By Jason Foumberg
The exhibition begins on the left, and ends nowhere. The MCA’s expansive new group show, “The Way of the Shovel: Art as Archaeology,” bores wormholes through the Rocky Mountains, to Baghdad and Belarus and over the North Pole, through the psyche and into the past. “The past is a foreign country,” wrote L. P. Hartley, and artists are explorers. This is the guiding theme of curator Dieter Roelstraete’s exhibition, which tasks itself with explaining nothing less than the history of the Western world—and who has access to it. The ambitious exhibition with an international roster of artists is “a philosophical speculation,” explained Roelstraete at the media preview. Roelstraete’s show proposes that artists create art, and make meaning, in a new way. That is, artists dig, uncover, exhume, mine, bring to light (and other “digging” synonyms) issues and characters from the past.
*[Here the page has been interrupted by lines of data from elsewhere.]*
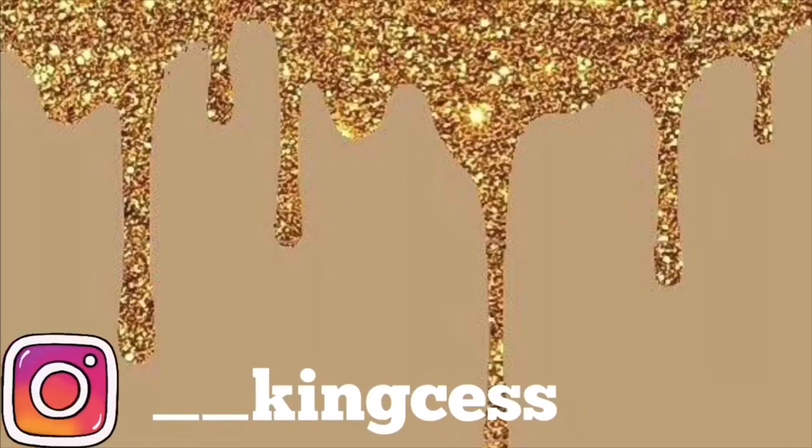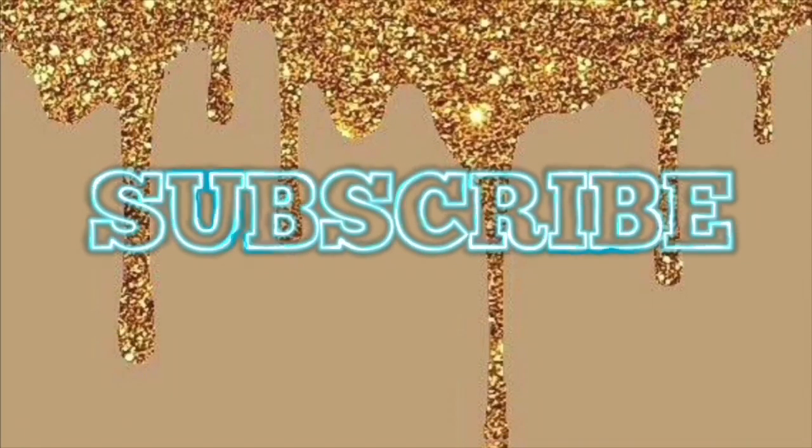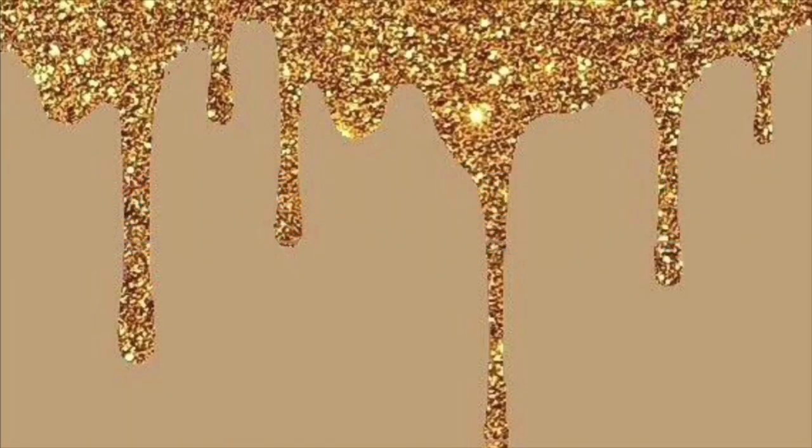Y'all are crazy. I'm back in another video, and today, as you can see in the title, I'm gonna do my edges and stuff.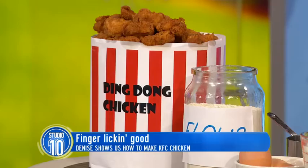But Ding Dong is actually going to put the colonel to the test — it is going to be finger-licking good. Denise, where are you? I'm here. Hello, Colonel Sanders. I'm here to do my finger-licking good chicken. This is Ding Dong Does Chook. Ding Dong Does Chicken.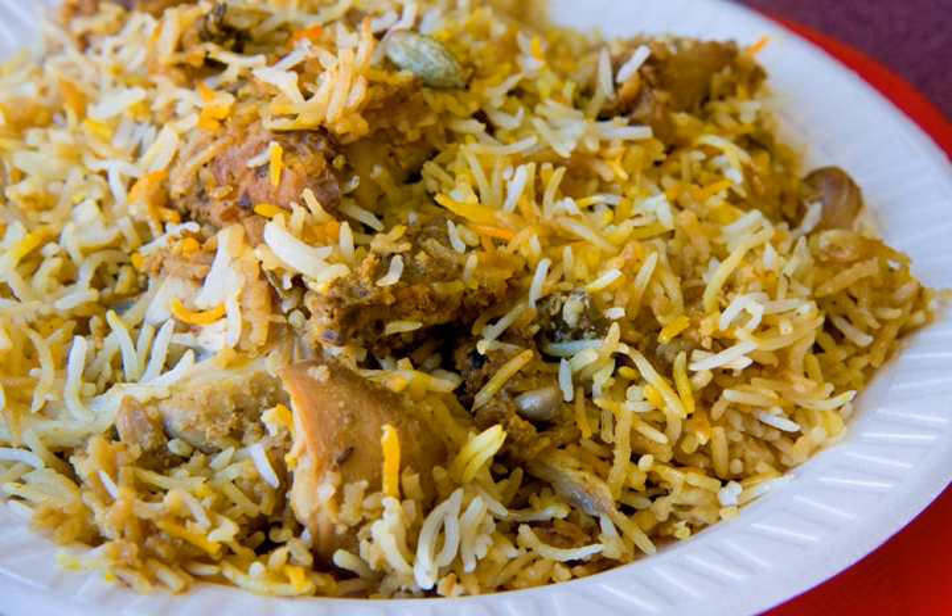A biryani is usually served with dahi chutney and murchi kha salan. Baghar-e-bangan is a common side dish. The salad includes onion, carrot, cucumber, and lemon wedges.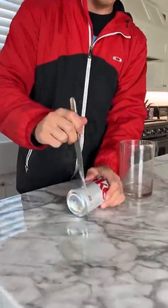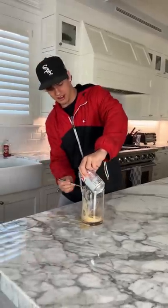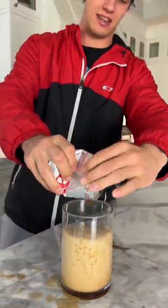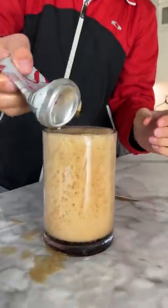All right, so if we open a Coke can and put it in here like this, you just open it like a normal Coke can — and now all of it's out and the Coke can is empty. So it works.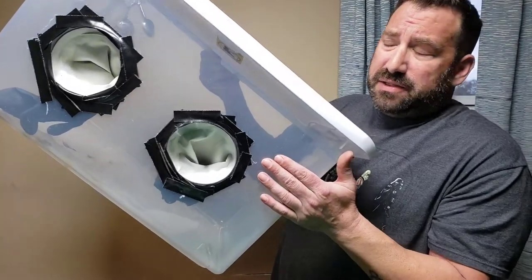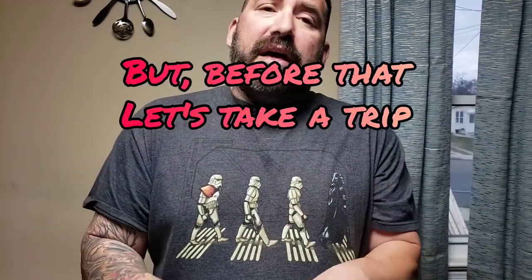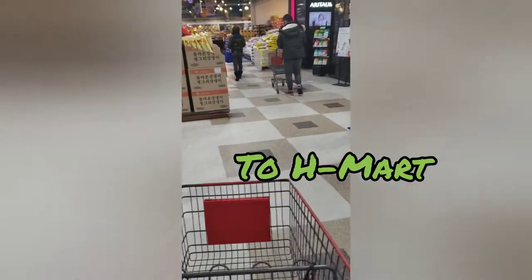Normally I would do this inside my still air box, but you guys aren't going to be able to see anything if I do that. So what I'm going to do is a couple of them without the still air box to show you guys, and then I'll do the rest inside the still air box.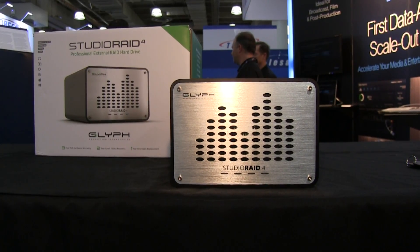Hello, my name is Spencer Schneider. I work for Glyph Production Technologies and I'd like to introduce our newest product. This is our Studio Raid 4-Bay.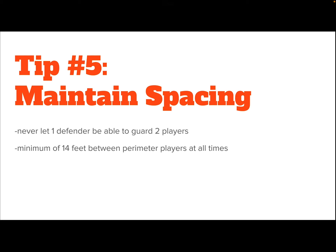Our last tip — which is actually probably the most important tip — is to maintain our spacing. We never want one defender being able to guard two players or two passes at a time. On the court, we should have a minimum of 14 feet between perimeter players at all times. Obviously we're not going to pull out a ruler, but it's about a little bit bigger than two body lengths between each of our perimeter players. If we're cutting it's a little different, as we might be a little closer to someone, but for the most part when you're on the perimeter, you want a minimum of 14 feet between players.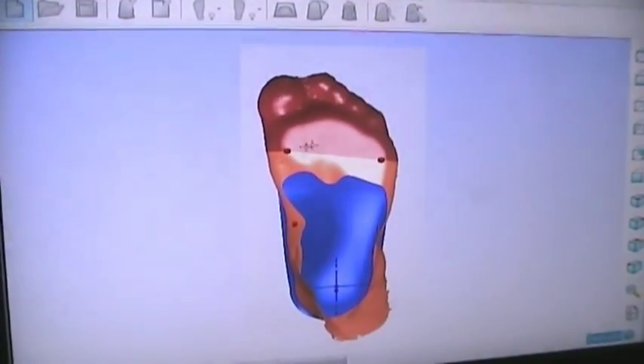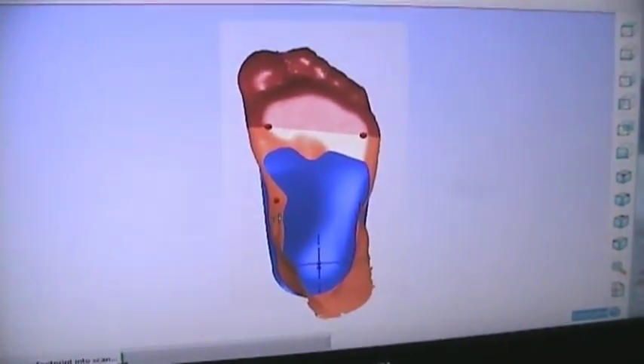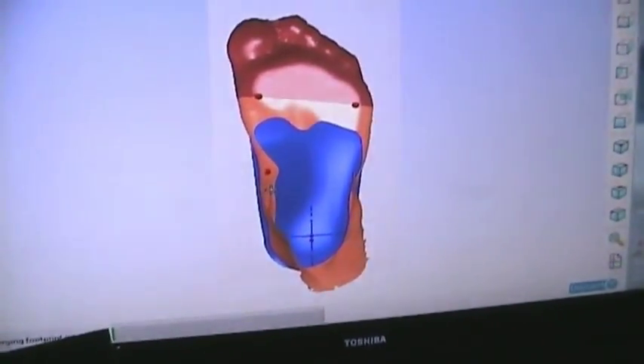Once we change all the options in the software, OrthoModel is going to get the shape of the patient's foot, add it into the orthotic design, and trim the orthotic shape so we can finish the design.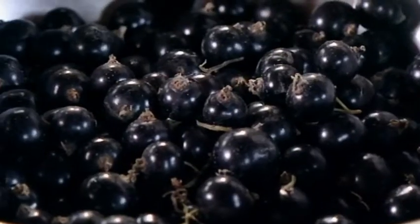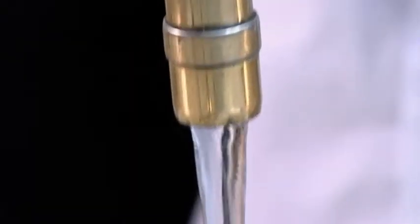Summer pudding is a wonderful summer fruit medley, but if you crave a pure blackcurrant hit, try my simple blackcurrant cream.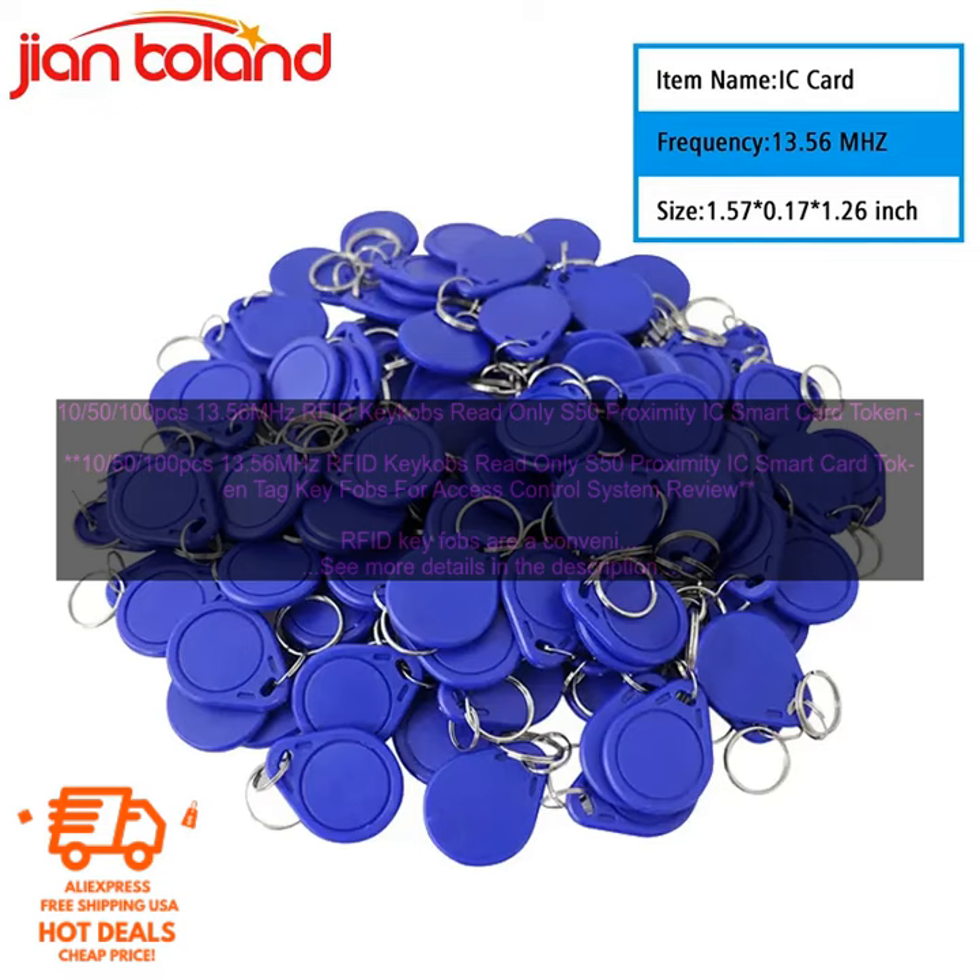Cons: none. Overall, these RFID key fobs are a great choice for businesses and schools that need a secure way to control access to restricted areas. They are easy to use, affordable, and provide a high level of security.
What artists find (artifacts, secrets, ghosts) is of equal importance to how they found it (research, inquiries, investigations). There are no accidents in this show, only strategies.
More than seventy artworks are spread methodically across the museum’s entire top floor. Most of the art was made after 9/11, a benchmark of history forevermore. Along with literal representations of digging (Mark Dion’s shovels, for instance), there are 16mm films and slide projectors that say: I am educating you. (You can learn about Rosa Luxemburg, the transatlantic telegraph cable, Arctic explorers and contemporary ruins in Detroit, Chicago and Pittsburgh, for example.) The show includes nearly four-and-a-half combined hours of video and film.
For an exhibition heavy on resurrection metaphors, it is decidedly absent of religious and spiritual implications. Instead, the role of the gods are played by Sigmund Freud and Robert Smithson, two great twentieth-century thinkers who renounced their Judaism and Catholicism, respectively. Freud and Smithson’s ideas have been incredibly important to modern and contemporary artists, so each is given his own mini-exhibit within “The Way of the Shovel.” Roelstraete apologized at the media preview for his muses being “dead white men,” but the entire show is devoted to Western art, ideas and histories, not Asian nor South American nor African ones.
Is the art-research tendency (the shoveling) “clearly a predominately, if not overwhelmingly, European affair,” as Roelstraete wrote in his catalogue essay? I think Chicagoans are up to speed on the topic. Go into any art school offering an MFA today (greater Chicago has six of these) and you’ll hear the best instructors talking about research as an art-making tool. And, we’ve had Willem de Kooning’s “Excavation” painting here (at the AIC) since 1952. The MCA’s exhibition, and the tool it describes, is actually boundless; its parameters are gigantic and concepts older and more pervasive than the show presumes, which is a good thing, as it provides an opportunity to question if the art world needs more intellectual art queries and less sensational, entertaining fluff.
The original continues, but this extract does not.